▸ **WHAT THE TASK REQUIRES**:
Only the lines below starting at the one containing "202 Willow Oaks Dr, Elkton, VA 22827" and ending at the one containing "70 Treeline Lane" belong in the answer, each copied exactly.

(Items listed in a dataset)
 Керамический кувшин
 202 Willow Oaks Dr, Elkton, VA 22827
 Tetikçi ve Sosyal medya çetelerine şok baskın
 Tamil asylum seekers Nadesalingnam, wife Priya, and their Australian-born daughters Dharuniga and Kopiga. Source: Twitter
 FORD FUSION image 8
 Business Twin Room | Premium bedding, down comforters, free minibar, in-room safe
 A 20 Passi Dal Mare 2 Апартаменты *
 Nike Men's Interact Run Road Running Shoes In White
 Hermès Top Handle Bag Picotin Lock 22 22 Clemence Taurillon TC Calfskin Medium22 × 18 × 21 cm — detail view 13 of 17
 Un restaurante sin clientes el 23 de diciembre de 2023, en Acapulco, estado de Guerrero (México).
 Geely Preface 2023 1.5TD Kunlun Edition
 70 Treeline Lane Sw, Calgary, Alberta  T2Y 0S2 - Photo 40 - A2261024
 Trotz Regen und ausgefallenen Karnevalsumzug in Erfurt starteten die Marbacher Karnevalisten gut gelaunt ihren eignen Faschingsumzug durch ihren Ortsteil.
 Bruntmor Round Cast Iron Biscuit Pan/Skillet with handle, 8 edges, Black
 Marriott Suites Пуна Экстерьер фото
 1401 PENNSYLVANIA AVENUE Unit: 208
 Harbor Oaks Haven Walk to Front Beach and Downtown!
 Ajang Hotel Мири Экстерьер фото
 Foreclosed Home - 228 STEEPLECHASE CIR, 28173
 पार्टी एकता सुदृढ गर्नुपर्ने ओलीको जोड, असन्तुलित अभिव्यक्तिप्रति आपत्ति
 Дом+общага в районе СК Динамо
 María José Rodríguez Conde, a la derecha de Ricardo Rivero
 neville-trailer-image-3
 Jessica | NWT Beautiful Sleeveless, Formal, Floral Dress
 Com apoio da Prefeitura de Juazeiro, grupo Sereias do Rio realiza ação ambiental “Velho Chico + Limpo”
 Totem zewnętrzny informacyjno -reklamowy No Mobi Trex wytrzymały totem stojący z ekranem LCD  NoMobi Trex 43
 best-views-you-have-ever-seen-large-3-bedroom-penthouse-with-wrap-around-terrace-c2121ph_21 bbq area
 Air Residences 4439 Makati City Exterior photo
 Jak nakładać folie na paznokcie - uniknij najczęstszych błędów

▸ **RESPONSE AREA**:
 202 Willow Oaks Dr, Elkton, VA 22827
 Tetikçi ve Sosyal medya çetelerine şok baskın
 Tamil asylum seekers Nadesalingnam, wife Priya, and their Australian-born daughters Dharuniga and Kopiga. Source: Twitter
 FORD FUSION image 8
 Business Twin Room | Premium bedding, down comforters, free minibar, in-room safe
 A 20 Passi Dal Mare 2 Апартаменты *
 Nike Men's Interact Run Road Running Shoes In White
 Hermès Top Handle Bag Picotin Lock 22 22 Clemence Taurillon TC Calfskin Medium22 × 18 × 21 cm — detail view 13 of 17
 Un restaurante sin clientes el 23 de diciembre de 2023, en Acapulco, estado de Guerrero (México).
 Geely Preface 2023 1.5TD Kunlun Edition
 70 Treeline Lane Sw, Calgary, Alberta  T2Y 0S2 - Photo 40 - A2261024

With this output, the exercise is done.